About AHS

Vision

The African Historical Society facilitates young African and African-descended students, scholars, educators, and nation-builders in gaining broad access to the ancient information and knowledge contained in African manuscripts and artefacts. These well-grounded, inspired students, scholars and nation-builders will lead Africa and African-descended communities and cosmopolitan communities at large, into a vibrant and flourishing future emboldened by a comprehensive knowledge of the worldview, vision and accomplishments of African heroes and ancestors, to overcome the shortcomings and challenges of the past, present and the future. Moreover, to present a more comprehensive appreciation for the value of African history and cultural institutions for surmounting modern challenges.

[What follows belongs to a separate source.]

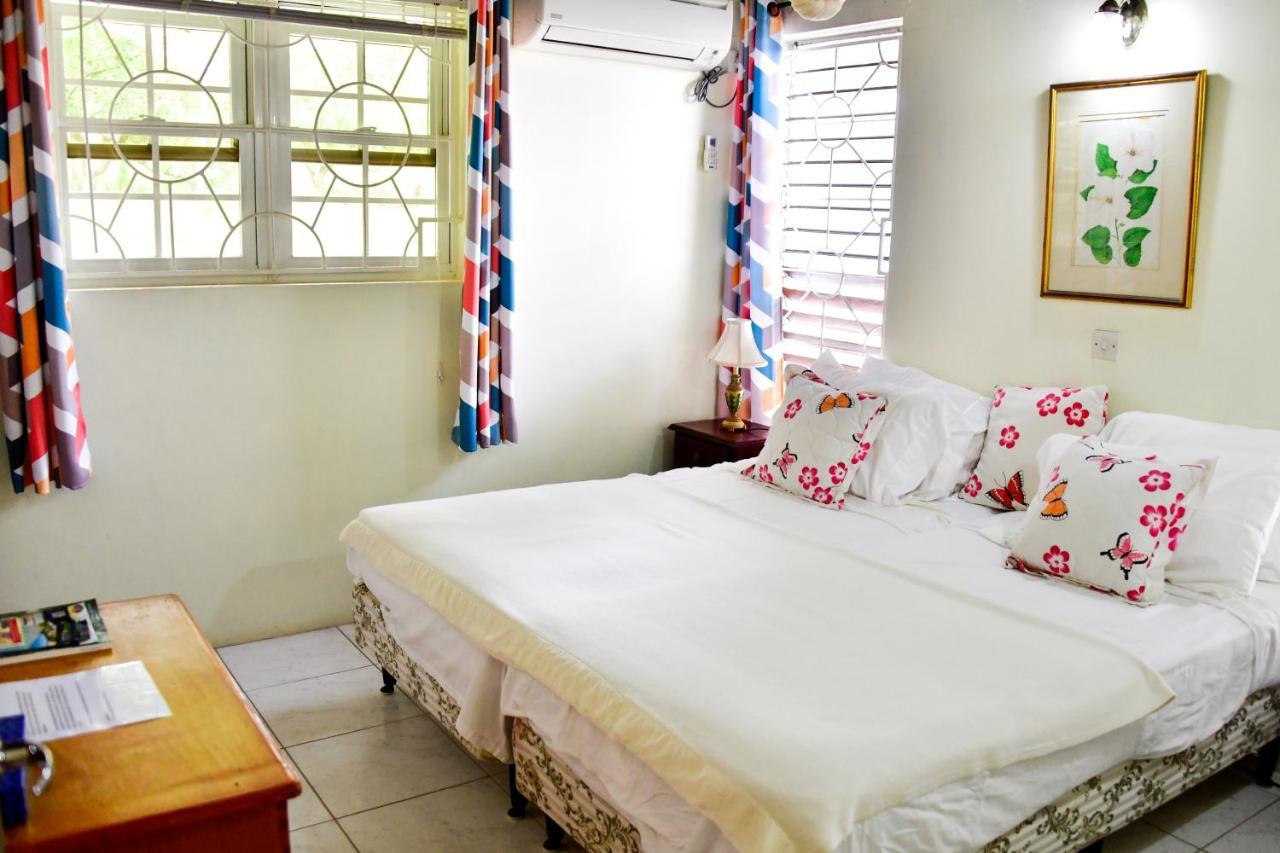 Morris Apartments Saint James Bagian luar foto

The African Historical Society is conceptualized as a not-for-profit (501c3).

AHS

Meroitic: Kush- Ethiopia. The African script developed in situ used to write in the kingdoms / empires of Kush – Meroe – Ancient Ethiopia (an identity and/or empire?).

AHS

“Nubian”: “New Meroe”- Kush – Ethiopia – Sudan. The peoples of this region began using the Greek alphabet to write their own African languages (i.e., as Classical Arabic would a few centuries later be used to write the Songhay language in the universities of Timbuktu, Mali after the conversion to Islam) along with other older African scripts that developed in situ in Nile Valley African civilizations. It would become the last place that the languages that developed in situ in Nile Valley, Africa, that were also used earlier in KMT/Kamet/”Egypt”, persisted after Lower Egypt of the white crown had been fully occupied foreign invaders and the Arab conquest of “Egypt” succeeded in the eradication of the indigenous language and it’s supplantation with Arabic.

Mission

  • The African Historical Society is committed to reuniting African and African-descended children, student and scholars with the information and knowledge contained in the manuscripts; documentary evidence and artefacts produced by ancient Africans. AHS maintains that it is the inalienable human right of Africans and the African descended to have access to the ancient African information produced by ancient Africans (i.e., their ancestors).
  • AHS aims to redress the inherent genocide (in accordance with UN charter) engendered by the alienation of ancient African information from the African institutions that produced them. For example, the information contained in the plundered libraries of Ethiopia that remain alienated from the rural Ethiopian Orthodox Tewahedo Church schools and practitioners. Also, the information contained in the millions of manuscripts in Mali that lack proper storage and preservation facilities; and those that remain in European vaults, microfilms and databases, dating from ancient Timbuktu, Mali (30%+ written in the Songhay language). Moreover, like the scores of Ethiopian and Ancient Nubian (i.e., modern Sudan and parts of Ethiopia, an academically shrouded empire likely extending to Nigeria/Western Sudan/El Sudan) manuscripts, presently being exhumed, that continue to be exported to Europe and the United States. It is believed that up to circa 80% of manuscripts plundered from Egypt have still never been made public. It is worth reflection that although so many historical models posit Asia and the West as the sources of civilization, those are precisely the historical origins of the plunderers of Africa’s libraries from ancient times until today. Oddly, the ancient powerful armies of Nubia and Egypt do not appear to have ever been interested in invading Greece or Rome in search of knowledge.
  • The African Historical Society will form an international coalition to track and monitor manuscripts taken out of Africa. The African Historical Society will record archeological excavations in Africa.
  • The African Historical Society is committed to the sustained implementation of state-of-the-art telecommunications technology and IT technology to underpin all its work.
  • The African Historical Society will cooperate with institutions presently working to digitize primary and secondary sources of African history.
  • The African Historical Society will track extant African manuscripts and seek to make their contents digitally available and accessible internationally and broadly to African and African-descended students, scholars and officials in Africa and abroad.